_TASK DETAILS_
Go through the data line by line. Copy each one holding the string "green".

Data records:
━━━━━━━━━━━━━━━━━━━━━━━━━━━━━━

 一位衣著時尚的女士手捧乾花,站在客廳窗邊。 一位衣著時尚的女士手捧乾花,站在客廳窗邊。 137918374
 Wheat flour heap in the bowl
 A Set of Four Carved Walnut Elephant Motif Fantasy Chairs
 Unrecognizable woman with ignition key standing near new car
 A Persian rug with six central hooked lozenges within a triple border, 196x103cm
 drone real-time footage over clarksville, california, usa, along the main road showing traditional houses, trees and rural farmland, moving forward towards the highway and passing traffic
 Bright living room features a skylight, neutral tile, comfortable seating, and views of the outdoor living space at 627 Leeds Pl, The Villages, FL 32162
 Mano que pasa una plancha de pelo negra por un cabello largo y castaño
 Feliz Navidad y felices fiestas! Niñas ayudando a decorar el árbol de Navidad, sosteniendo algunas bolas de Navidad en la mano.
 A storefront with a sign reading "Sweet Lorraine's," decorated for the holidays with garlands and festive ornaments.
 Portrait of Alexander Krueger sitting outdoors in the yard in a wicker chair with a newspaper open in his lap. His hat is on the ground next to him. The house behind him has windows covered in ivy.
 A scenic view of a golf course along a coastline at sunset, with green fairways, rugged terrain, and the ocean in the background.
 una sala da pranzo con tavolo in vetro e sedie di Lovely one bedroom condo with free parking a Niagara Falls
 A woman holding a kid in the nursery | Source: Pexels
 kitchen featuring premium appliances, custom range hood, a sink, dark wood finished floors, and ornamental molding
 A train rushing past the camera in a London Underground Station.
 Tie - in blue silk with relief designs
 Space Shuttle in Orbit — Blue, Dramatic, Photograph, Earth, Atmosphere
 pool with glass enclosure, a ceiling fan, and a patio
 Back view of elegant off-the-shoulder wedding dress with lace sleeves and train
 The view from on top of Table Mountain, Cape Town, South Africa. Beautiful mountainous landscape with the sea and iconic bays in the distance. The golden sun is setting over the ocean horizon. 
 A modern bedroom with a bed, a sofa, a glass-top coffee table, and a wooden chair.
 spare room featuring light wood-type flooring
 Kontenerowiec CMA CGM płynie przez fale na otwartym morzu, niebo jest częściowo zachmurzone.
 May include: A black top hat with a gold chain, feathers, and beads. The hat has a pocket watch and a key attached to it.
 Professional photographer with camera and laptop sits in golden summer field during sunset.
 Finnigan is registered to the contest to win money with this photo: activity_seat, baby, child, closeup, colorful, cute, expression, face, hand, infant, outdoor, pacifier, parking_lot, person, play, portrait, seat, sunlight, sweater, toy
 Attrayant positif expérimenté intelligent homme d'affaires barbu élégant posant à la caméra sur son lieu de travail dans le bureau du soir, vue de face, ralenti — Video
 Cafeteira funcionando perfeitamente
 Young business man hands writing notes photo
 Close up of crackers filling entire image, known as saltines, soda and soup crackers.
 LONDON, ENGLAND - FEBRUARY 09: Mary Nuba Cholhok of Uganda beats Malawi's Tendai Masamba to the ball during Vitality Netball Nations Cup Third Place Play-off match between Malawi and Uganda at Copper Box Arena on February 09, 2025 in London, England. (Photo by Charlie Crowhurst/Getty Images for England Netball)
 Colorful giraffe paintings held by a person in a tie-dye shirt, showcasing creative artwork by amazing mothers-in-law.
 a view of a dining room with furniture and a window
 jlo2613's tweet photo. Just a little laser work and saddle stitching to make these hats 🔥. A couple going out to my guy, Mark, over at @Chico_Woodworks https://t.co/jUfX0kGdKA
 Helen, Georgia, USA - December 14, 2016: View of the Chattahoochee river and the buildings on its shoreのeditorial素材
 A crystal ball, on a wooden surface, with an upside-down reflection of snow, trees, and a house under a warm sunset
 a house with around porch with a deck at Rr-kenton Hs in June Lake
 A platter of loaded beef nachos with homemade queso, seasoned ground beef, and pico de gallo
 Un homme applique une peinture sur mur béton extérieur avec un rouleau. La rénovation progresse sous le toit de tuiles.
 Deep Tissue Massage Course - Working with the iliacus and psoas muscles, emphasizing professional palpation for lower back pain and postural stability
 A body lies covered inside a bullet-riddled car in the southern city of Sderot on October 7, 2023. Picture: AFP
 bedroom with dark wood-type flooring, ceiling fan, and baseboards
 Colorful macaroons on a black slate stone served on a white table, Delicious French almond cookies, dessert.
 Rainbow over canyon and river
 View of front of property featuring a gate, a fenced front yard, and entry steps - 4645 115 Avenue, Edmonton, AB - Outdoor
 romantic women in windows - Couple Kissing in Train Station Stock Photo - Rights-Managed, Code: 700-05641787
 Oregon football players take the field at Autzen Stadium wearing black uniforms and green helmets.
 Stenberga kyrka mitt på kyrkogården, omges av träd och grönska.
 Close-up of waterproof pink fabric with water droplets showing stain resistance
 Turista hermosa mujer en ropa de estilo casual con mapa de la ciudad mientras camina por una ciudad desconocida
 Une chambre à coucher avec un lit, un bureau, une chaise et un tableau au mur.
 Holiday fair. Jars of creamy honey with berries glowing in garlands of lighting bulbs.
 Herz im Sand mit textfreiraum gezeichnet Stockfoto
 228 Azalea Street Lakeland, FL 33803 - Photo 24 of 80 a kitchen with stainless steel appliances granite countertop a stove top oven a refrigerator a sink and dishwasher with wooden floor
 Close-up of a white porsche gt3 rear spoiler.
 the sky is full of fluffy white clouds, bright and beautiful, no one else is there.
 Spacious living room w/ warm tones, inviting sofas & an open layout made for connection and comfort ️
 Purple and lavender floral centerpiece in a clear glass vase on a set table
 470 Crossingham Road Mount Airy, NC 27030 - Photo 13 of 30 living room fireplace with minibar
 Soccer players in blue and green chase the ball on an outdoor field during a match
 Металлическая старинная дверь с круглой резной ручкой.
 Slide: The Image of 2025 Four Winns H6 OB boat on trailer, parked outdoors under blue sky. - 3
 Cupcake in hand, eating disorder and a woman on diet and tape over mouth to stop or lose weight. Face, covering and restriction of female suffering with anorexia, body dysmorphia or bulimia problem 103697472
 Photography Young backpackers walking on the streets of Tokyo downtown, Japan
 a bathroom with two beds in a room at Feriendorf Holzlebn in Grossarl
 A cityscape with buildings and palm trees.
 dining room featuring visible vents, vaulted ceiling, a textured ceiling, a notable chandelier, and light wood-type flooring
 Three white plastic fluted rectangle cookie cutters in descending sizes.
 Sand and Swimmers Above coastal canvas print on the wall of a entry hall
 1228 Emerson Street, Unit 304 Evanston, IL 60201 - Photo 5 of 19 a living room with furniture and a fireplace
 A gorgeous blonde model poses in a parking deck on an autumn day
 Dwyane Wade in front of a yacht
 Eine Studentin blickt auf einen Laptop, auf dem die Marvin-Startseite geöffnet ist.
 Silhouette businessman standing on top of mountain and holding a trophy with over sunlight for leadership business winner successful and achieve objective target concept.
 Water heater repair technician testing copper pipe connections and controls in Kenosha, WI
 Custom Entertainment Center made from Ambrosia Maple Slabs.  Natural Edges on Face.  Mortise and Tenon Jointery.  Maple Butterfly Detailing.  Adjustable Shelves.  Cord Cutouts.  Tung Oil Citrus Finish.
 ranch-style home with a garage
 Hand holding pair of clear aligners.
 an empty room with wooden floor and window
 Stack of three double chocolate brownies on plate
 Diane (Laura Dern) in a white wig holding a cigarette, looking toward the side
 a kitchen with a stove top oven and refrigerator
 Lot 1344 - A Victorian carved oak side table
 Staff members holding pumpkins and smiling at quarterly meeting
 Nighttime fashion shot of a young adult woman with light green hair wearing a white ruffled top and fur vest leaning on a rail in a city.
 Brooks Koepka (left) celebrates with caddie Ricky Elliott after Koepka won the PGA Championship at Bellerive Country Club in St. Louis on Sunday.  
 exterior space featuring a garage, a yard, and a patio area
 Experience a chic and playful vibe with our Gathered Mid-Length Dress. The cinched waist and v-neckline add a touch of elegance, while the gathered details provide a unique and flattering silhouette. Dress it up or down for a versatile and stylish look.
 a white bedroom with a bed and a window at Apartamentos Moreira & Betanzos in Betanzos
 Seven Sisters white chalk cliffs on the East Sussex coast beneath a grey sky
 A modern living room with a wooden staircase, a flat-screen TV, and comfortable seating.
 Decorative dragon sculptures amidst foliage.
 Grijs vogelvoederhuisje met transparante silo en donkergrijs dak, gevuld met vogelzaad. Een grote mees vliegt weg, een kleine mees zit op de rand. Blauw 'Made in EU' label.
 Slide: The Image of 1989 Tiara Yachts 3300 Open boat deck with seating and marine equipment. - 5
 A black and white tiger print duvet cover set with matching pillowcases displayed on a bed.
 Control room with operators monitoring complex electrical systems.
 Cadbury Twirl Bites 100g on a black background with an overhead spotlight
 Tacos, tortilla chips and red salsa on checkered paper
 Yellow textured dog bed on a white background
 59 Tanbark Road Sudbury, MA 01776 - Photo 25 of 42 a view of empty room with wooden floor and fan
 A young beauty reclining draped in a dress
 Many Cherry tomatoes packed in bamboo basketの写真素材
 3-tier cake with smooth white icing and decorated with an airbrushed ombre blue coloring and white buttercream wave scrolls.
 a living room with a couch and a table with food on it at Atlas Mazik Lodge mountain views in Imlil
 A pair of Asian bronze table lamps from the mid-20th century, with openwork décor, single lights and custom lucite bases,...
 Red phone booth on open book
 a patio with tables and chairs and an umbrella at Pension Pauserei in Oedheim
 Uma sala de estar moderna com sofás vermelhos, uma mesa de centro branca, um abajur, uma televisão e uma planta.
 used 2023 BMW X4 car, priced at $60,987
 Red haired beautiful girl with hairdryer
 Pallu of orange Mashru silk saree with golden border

━━━━━━━━━━━━━━━━━━━━━━━━━━━━━━

_EXERCISE RESPONSE_
 A scenic view of a golf course along a coastline at sunset, with green fairways, rugged terrain, and the ocean in the background.
 Oregon football players take the field at Autzen Stadium wearing black uniforms and green helmets.
 Soccer players in blue and green chase the ball on an outdoor field during a match
 Nighttime fashion shot of a young adult woman with light green hair wearing a white ruffled top and fur vest leaning on a rail in a city.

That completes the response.